The interactive report lists all the duplications. But what if I want to know the file with the most duplicated lines. Then I need a duplicated lines metric, like CBRI Insight. So, that means I’ll be writing a duplicated lines of code metric plugin.

Perl Duplicate Lines of Code Detection

I’d rather avoid reinventing the wheel, so the first step is to understand how the Perl interactive report works. The metric plugin has to be written in Python so using the Perl code directly is not an option.

Actually, the Perl version I examined was for CBRI Insight since I was looking at all the metrics in the plugin.  I’m not great at Perl, but here’s the outline I got from the script:

  1. Create an index from a region of code (N lines long) to the file and line number for every file. Each region of code is processed according to the report options for stripping whitespace and comments.
  2. Create a list of possible matches from every index entry that had more than one location.
  3. Ensure each location occurs in only one match. So, if 6 lines are duplicated and the window was 5 lines big, then there would be two index entries, one for the first five lines and one for the last five lines. This step seems to be intended to remove the second index entry from the list of possible matches.
  4. Grow each remaining match. Add another line to the match object while the text at all locations continues to match. Text at locations is found by opening the file(s) again.
  5. CBRI Insight additionally calculates the lines for each file by summing the length of every match the file is involved in.  

Sample Code

So far so good. But step 5 made me wonder what happens if the same line belonged to multiple match objects. Would the line get counted twice? I’ll create some sample code and see what happens.

As a human looking at the code, I’d expect to see two match objects, one with the framed purple boxes and a second with the shaded purple boxes. The total number of duplicated lines would be 21. 

Here’s what CBRI Insight reports:

6 useful lines duplicated in 2 locations
setrefgraph/duplicates.cpp(13)
setrefgraph/duplicates.cpp(22)
5 useful lines duplicated in 3 locations
setrefgraph/duplicates.cpp(5)
setrefgraph/duplicates.cpp(12)
setrefgraph/duplicates.cpp(21)

The matches are pretty close to expected. The only difference is that the shaded purple boxes are one shorter, starting at lines 13 and 22 instead of 12 and 21.

However, the total number of duplicated lines is wrong. The formula does double count lines in the overlapping region (6 * 2 + 5 * 3 = 27).

Snowballing

Getting the duplicated lines metric without double counting lines seems straightforward. It doesn’t even need steps 3-5. For each potential match, add each location to a set to ensure its unique and then find the size of the set. 

However, as a user, I’d want to be able to get from the duplicated line count to a view of the duplicated lines. So, my metric plugin needs to agree with the other views of duplicated lines in Understand.

Then, I also need to check the original Perl interactive report (since I’ve been looking at the CBRI Insight version) and I need to check the relatively new CodeCheck check.
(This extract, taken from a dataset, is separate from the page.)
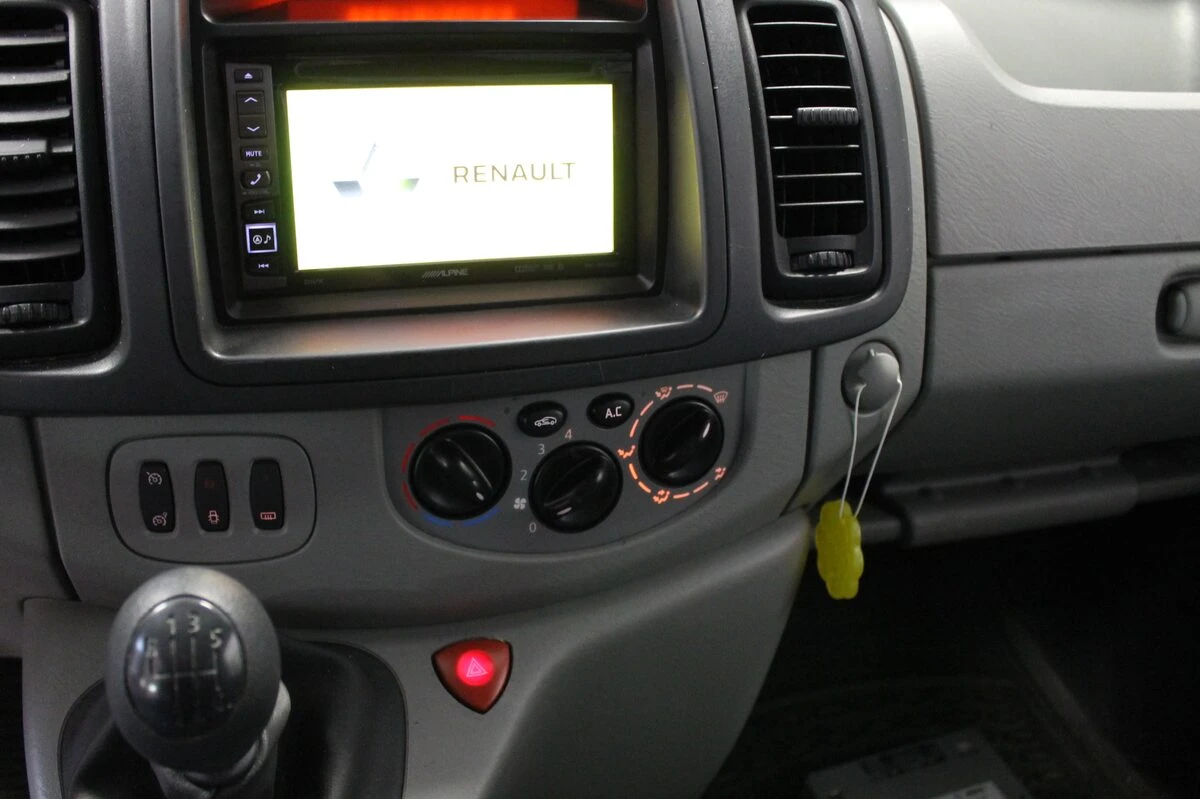 Renault Trafic 2016 : autoradio GPS Alpine avec commandes au volant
As a bonus, if the CodeCheck has the information I need, then the metric can be calculated from the CodeCheck results to avoid running the duplicate code detection more than once. 

Unfortunately, the original Perl script reported only a single match that doesn’t correspond to either of the expected matches and the CodeCheck script didn’t find any matches.
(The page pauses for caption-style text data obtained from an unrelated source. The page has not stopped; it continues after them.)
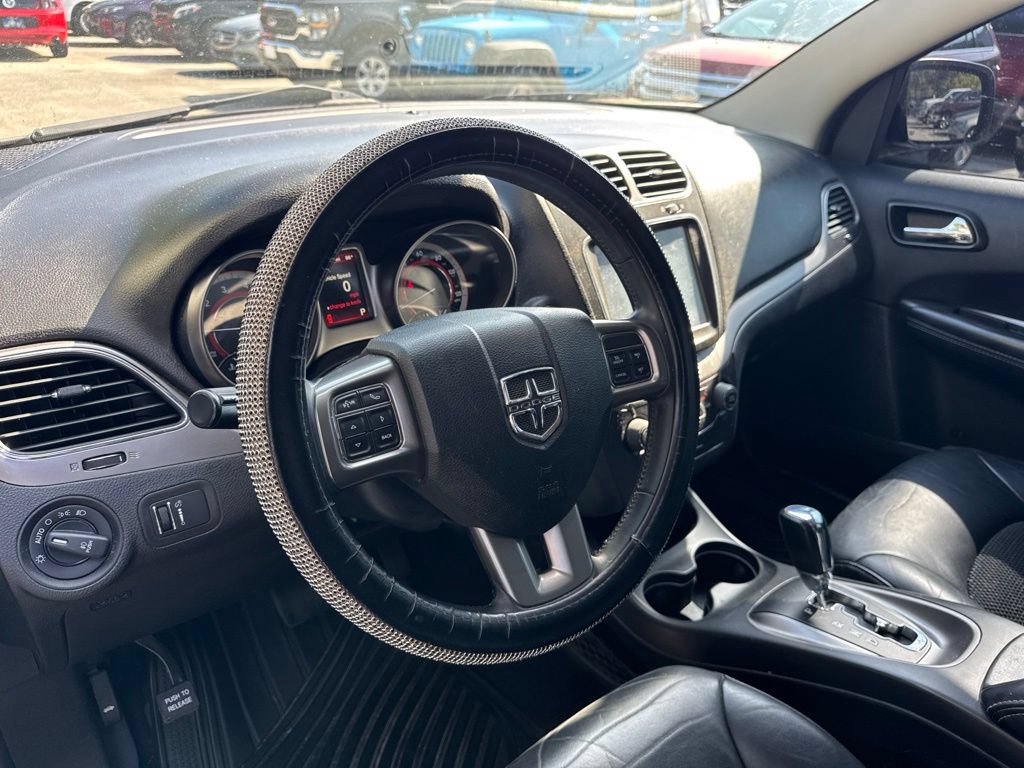 Used 2017 Dodge Journey Crossroad FWD image 9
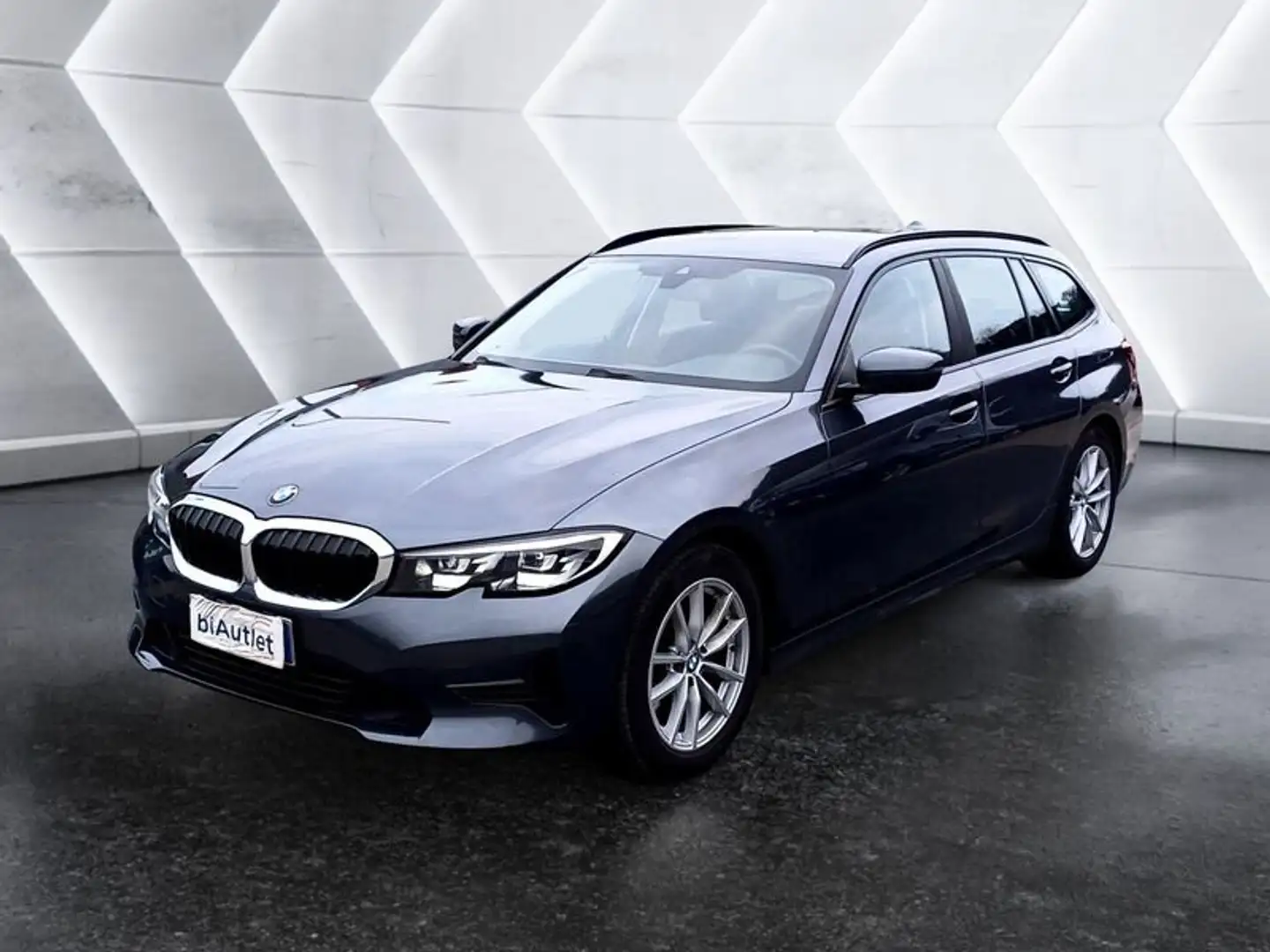 BMW 320 320d Touring xdrive Business Advantage auto - 1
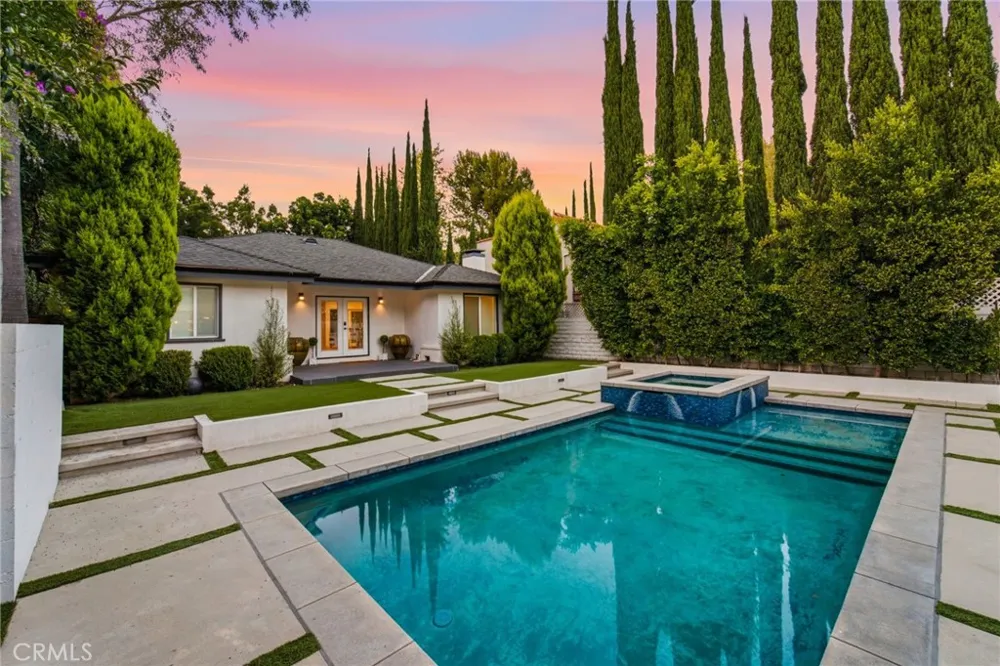 13135 Chandler Boulevard Sherman Oaks, CA 91401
[-] 5 lines matched in 2 locations
setrefgraph/duplicates.cpp(5)
setrefgraph/duplicates.cpp(21)
[-] View Duplicate Lines
if (val1 == 0) {
calc += val2;
calc *= val3;
calc -= val2;
calc += val3

The New Problem

So, even though calculating the metric only requires steps one and two, I’m going to need to also implement steps 3 and 4 to create an interactive report and a CodeCheck so all three are consistent.

At this point, it’s worth taking a step back to consider whether there are better ways of detecting duplicate code. To summarize a search in that area, it turns out there are lots of different types of duplicate code, from exact copies, to copies with insertions or deletions, to copies with name changes and order changes. Since I’m not a patent lawyer, I’ll stay close to the original approach.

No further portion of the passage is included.